Alberto Ferrari and the bombing of Naples
Sottocapo (Leading Seaman) Alberto Arcene (pen name of Alberto Ferrari, from Padua) describes in his memoirs (“L’ultima torpediniera per Tunisi”) the situation in Naples in the early summer of 1943:
“…one morning they summoned me to the orderly room: I had been assigned to the Naples submarine chaser flotilla. (…) The first submarine chaser was ready – the first of the flotilla. (…) After a disastrous voyage, I reached Naples in the evening. I showed up at the anti-submarine personnel’s barracks near the harbour station, where I saw only a sentry and the petty officer of the watch. The others were in the nearby tunnel, used as an air raid shelter. The petty officer advised me to go with them. It was better to sleep in the tunnel, the bombers came every night. “What kind of music, you’ll hear!” I reached the tunnel and I clumped with civilians and sailors, in a disgusting medley. There were people who had been living in there for months. What a stench! A heterogeneous mixture of smells of food and intimacy, unwashed people, sweat, cooker smoke, piss, roasted fish. Never seen so much filth.

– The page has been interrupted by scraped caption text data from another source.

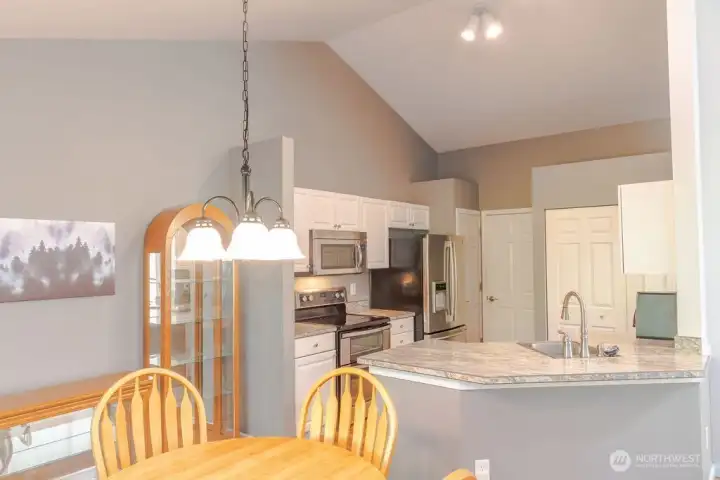 View from the dining room to the kitchen featuring pantry & vaulted ceilings.
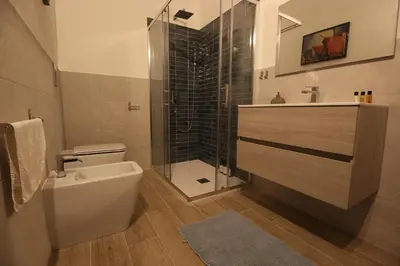 a bathroom with a shower and a toilet and a sink at Villa Rosa Bianca in Palermo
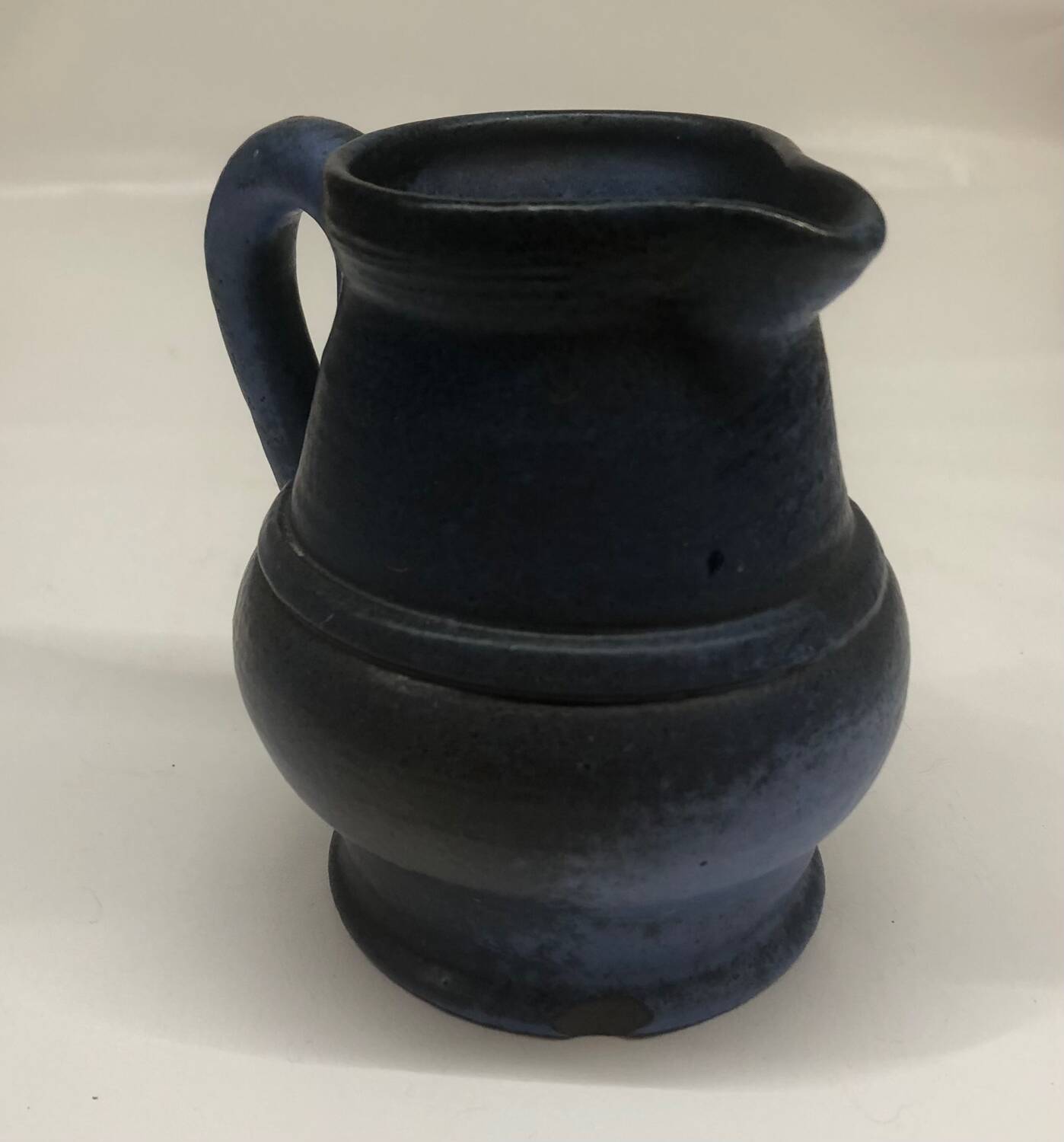 Ceramic pitcher by Roland Tostivint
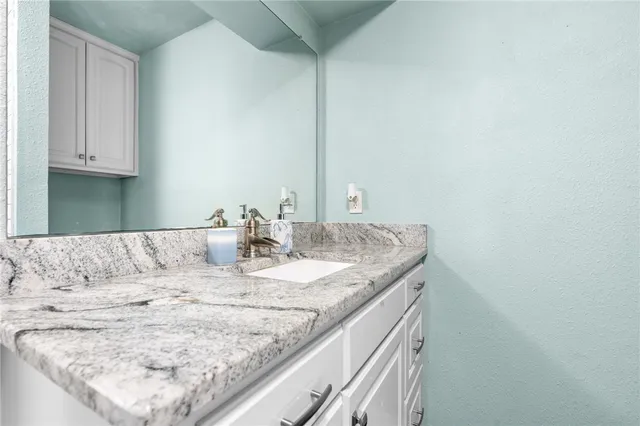 a bathroom with a granite countertop sink and a mirror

Poor Naples, mangled, brutalized, look what they did to you! (…) Next morning, I went again to the anti-submarine personnel’s barracks, filled with so much nausea that I did not drink that little coffee which the chief yeoman had benevolently offered me. I asked him for information about how and where should I settle in and what would be my task. He silently led me outside, beyond the small gate, and pointed to a wreck. “Look, that is your submarine chaser. Last night!” He suggested me to leave, to go back to La Spezia. “Go back to a safer place while you can, it is hell here. Leave! I’ll prepare your documents; there’s a train leaving from Mergellina at noon. Take it””.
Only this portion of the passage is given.